The black horse grazed—coal black against bright green—down on the meadow below the house. Katherine Willow watched it from her bedroom window, or from the kitchen, or from the terrace. Finally, one afternoon, she wandered down the slope and watched the gelding from a large flat rock outside the meadow gate. Mrs. Willow had long ago discovered that the safest way to see how life unrolled was from a distance, from a series of carefully selected, variously angled vantage points. Occasionally, however—impelled by either necessity or the fear of missing out on something vital—she would force herself to dash into the fray, arrange herself in what she hoped would be the proper realistic attitudes, then dash back out again to see how she might look, what life might mean, arranged that way. What was the meaning of two children off at camp, or of a husband occasionally barreling up from the city, or of a black horse bought by a rich, eccentric woman and placed upon a meadow just to look at? Mrs. Willow perched cross-legged on the rock and cast about for clues. A crow flew overhead; her left foot itched; the black horse switched its tail and went on grazing. Nothing fell into place, but Mrs. Willow was not surprised—it seldom did. Besides, she thought, if I found out, if meanings actually came to light—what would that mean?

After a week or so, Katherine Willow remembered that the black horse should be exercised. She walked far down the road and procured a neighbor’s lumpy, teenaged daughter for the job.
    “Hello! I asked your mother—you’re Sara?” Mrs. Willow began. “I have a horse—”
    “I seen him,” the girl said.
    “He needs some exercise. I’d love to have you—I would pay, of course.”
    “What’s the matter—you afraid of him?” the girl asked suspiciously. “He throw you or something?”
    “Good Lord, it isn’t that,” Mrs. Willow said. “You see, I’m not a rider.”
    There was a tiny sheen of interest in the girl’s flat eyes. “So what you got him for, then?” she asked.
    “Oh, you know, some people—just sheer whim,” and Mrs. Willow laughed and hunched her shoulders.
    “Well, I guess I might’s well do it. I guess I wouldn’t mind,” the girl said, gazing stolidly at Mrs. Willow. She hunched her shoulders also, and Mrs. Willow wished she knew just what that duplication—that imitation—implied.
    “Great—wonderful!” she said. “I’ll see you at the meadow gate tomorrow—and thanks a million, that’s terrific!”
    “Okay, sure,” the girl said.
    Katherine Willow walked back up the road, stiff with annoyance.
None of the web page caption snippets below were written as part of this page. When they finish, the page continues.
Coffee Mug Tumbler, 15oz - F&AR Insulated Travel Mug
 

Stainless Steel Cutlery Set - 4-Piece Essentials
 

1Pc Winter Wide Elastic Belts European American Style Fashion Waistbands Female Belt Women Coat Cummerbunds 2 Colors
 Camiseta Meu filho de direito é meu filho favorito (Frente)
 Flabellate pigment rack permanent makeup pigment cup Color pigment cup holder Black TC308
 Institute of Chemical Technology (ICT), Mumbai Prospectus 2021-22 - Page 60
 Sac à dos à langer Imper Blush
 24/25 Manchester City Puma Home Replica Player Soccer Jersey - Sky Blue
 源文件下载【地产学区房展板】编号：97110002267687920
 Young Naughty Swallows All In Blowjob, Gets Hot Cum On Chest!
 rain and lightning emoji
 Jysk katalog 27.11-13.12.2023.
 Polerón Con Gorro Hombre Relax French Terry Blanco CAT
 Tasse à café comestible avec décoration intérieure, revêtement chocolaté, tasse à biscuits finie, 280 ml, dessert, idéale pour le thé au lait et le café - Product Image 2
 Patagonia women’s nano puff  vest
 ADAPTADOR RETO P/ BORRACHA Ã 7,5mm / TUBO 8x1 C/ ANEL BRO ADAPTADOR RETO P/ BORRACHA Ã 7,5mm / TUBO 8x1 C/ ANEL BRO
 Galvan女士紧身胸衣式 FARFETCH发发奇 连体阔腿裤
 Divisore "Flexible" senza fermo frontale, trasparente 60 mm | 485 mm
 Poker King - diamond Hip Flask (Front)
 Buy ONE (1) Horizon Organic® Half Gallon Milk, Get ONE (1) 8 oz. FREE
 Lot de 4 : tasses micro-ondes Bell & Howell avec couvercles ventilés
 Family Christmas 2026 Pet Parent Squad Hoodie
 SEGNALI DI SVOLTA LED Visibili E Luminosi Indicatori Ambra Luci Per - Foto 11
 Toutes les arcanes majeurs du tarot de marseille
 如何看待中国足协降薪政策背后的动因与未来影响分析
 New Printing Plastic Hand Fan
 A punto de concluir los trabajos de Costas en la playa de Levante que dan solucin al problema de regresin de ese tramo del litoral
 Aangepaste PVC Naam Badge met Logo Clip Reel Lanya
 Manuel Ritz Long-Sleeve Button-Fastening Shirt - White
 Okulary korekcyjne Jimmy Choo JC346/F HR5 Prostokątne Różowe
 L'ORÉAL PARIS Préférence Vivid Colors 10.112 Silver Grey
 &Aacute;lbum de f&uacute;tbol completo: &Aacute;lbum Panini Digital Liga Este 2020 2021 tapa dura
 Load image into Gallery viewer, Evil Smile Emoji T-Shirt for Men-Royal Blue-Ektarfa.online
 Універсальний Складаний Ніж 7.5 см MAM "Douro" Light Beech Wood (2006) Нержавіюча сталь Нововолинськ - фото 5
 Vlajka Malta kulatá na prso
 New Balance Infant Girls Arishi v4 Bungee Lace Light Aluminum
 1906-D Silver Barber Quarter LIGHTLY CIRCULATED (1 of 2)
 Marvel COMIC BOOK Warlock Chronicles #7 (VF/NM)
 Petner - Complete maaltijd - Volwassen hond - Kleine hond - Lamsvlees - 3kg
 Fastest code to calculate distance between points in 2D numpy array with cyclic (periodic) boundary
Her pose was wrong, her gestures were surreal, her words came out dripping with a dreadful falseness. What was the trick of venturing into life? She could not get it right; she came away from even the most prosaic encounters feeling like a fool.
    Mrs. Willow turned off the road just where it met the meadow, and as she walked along the fence, she saw the black horse standing in the shaded mud down near the stream. Spontaneity, she thought. I need to work on that. And then serenity. But here she stopped and frowned. Why bother—I will never get the hang of being a part of things, she told herself. I am better off watching from a distance and then just quietly floating away.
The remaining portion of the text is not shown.